╭─ STORED DATA
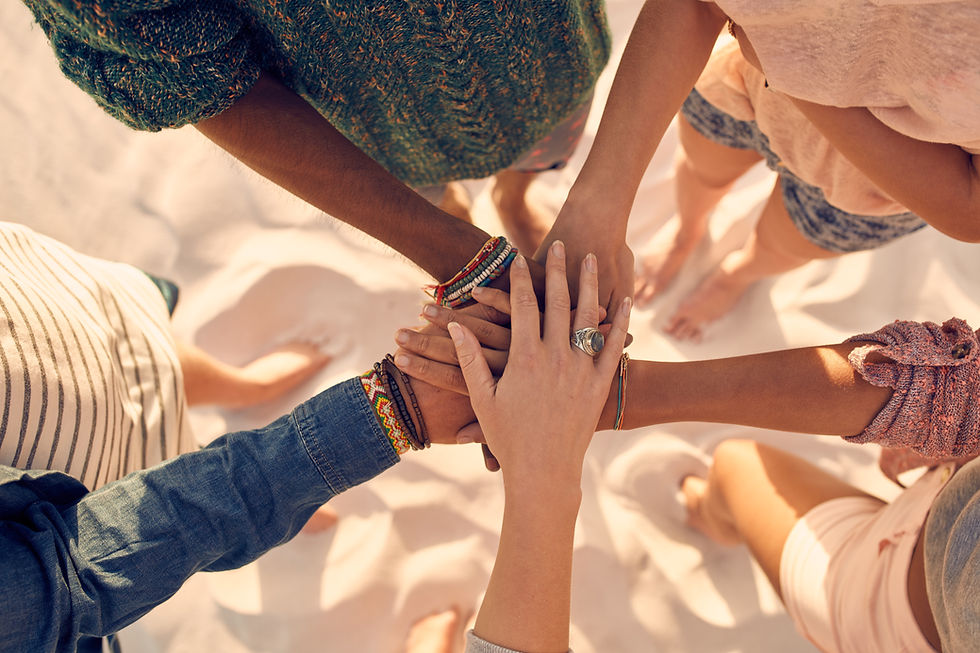 This is an overhead shot of five children of different races standing in a circle. The children have their outstretched hands piled up in the middle.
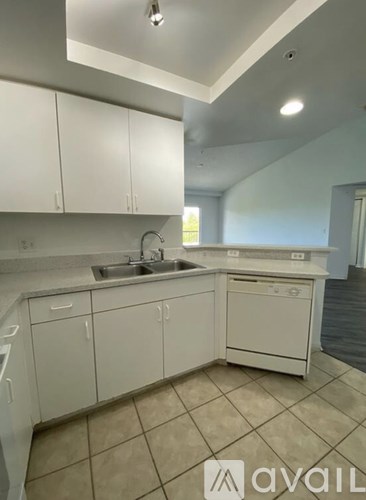 A kitchen with white cabinets and a tiled floor.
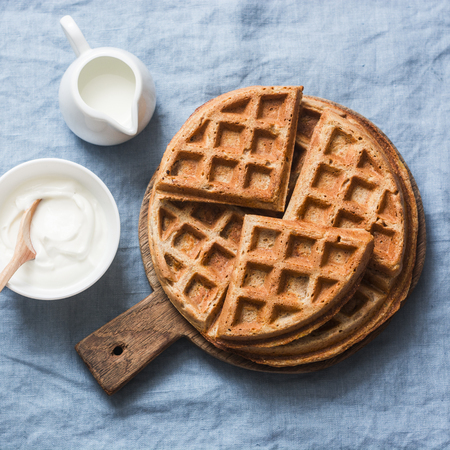 Savory gluten free breakfast waffles on a blue background, top view. Vegetarian food conceptの写真素材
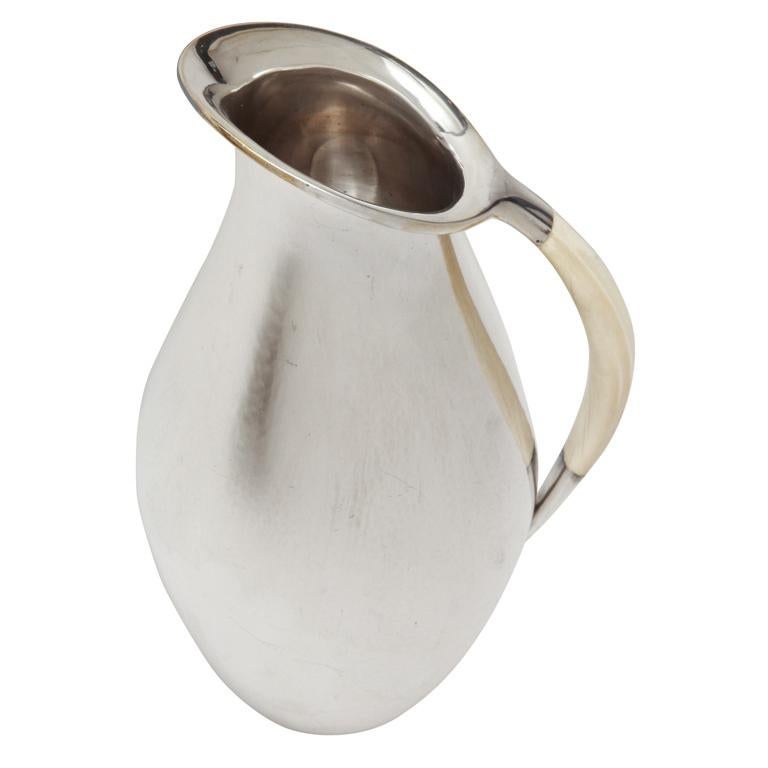 Large silver water pitcher with a flaring lip and a curved bone handle and lightly hammered surface.
Hallmarked for 925 silver/ Georg Jensen mark for post 1945/ 432 F/ DESSIN Johan Rohde/ Denmark/ Sterling.

Exhibited:
The Museum of Modern Art,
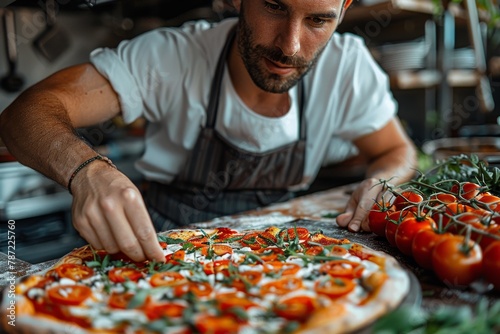 A focused chef delicately places sliced tomatoes on a pizza, showcasing culinary expertise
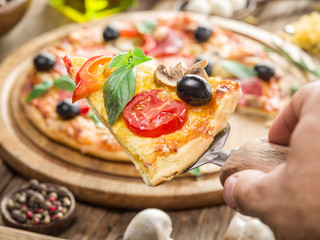 Pizza with mushrooms, salami and tomatoes.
╰─
### WORK REQUIRED
Exactly as written, set down the lines from the line holding "Hallmarked for 925" to the last line of the data, both ends included, pictures excluded.

### ANSWER FOR THE TASK
Hallmarked for 925 silver/ Georg Jensen mark for post 1945/ 432 F/ DESSIN Johan Rohde/ Denmark/ Sterling.

Exhibited:
The Museum of Modern Art,
 A focused chef delicately places sliced tomatoes on a pizza, showcasing culinary expertise
 Pizza with mushrooms, salami and tomatoes.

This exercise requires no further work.